Itch has been shown to activate regions of the brain, including the somatosensory cortex, premotor cortex, insular cortex, and the supplementary motor area.26, 27 Additionally, functional connectivity between the anterior insular cortex and globus pallidus is stronger when imagining itch as compared with pain.28 The impact of itch (pruritus) on the brain in PBC patients is unknown but is important for understanding itch perception and central modulation in PBC.

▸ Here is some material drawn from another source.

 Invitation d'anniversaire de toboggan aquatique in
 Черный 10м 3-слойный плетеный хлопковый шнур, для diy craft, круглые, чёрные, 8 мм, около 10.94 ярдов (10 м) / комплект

Resting-state fMRI (rsfMRI) allows for the assessment of brain functional connections. Spontaneous fluctuations of rsfMRI signals are highly synchronous between brain regions that constitute a functional network, and the degree of synchrony indicates functional connection strength (termed resting-state functional connectivity (rsFC)).29 To date, no rsFC studies have investigated PBC patients in the context of commonly reported symptoms. In the present study, we investigated rsFC of the putamen, thalamus, hippocampus, and amygdala of patients with PBC. We hypothesized that PBC patients would exhibit altered rsFC between these brain regions, as well as with frontal and parietal cortices responsible for cognitive processing. In exploratory analyses, we investigated the association between rsFC and fatigue severity, clinical response to UDCA treatment, itch, and cognitive performance.

Methods

Participants

This study was approved by the Conjoint Health Research Ethics Board of the University of Calgary. All participants provided written informed consent. Twenty female patients with PBC, all of whom were taking UDCA for at least 6 months (mean dose 15.0 mg/kg/day; range=13–19), were recruited from the University of Calgary Liver Unit. All patients met standard criteria for the diagnosis of PBC, including anti-mitochondrial antibody positivity and abnormal cholestatic liver biochemistry prior to the initiation of UDCA. Patients were intentionally selected to be non-cirrhotic based on biochemistry (i.e., normal International Normalized Ratio and normal serum bilirubin and albumin concentrations) and liver stiffness (<16.9 kPa30) as measured by transient elastography (Fibroscan; Echosens, Paris, France). Patients were excluded if they had significant medical comorbidities (diabetes, neurological disease, mood disorder, cardiac or respiratory disease) or contraindications to MRI scanning. Complete UDCA response was defined as a sustained normalization of serum alkaline phosphatase levels.31 Patient characteristics are provided in Table 1. Prior to rsfMRI, all PBC patients completed the Fatigue Severity Scale32 (score of >36=fatigued33) and the PBC-40 assessment scale.34 Twenty-one female age-matched healthy volunteers were recruited through local advertisements (range=33–63, median=52, interquartile range=7).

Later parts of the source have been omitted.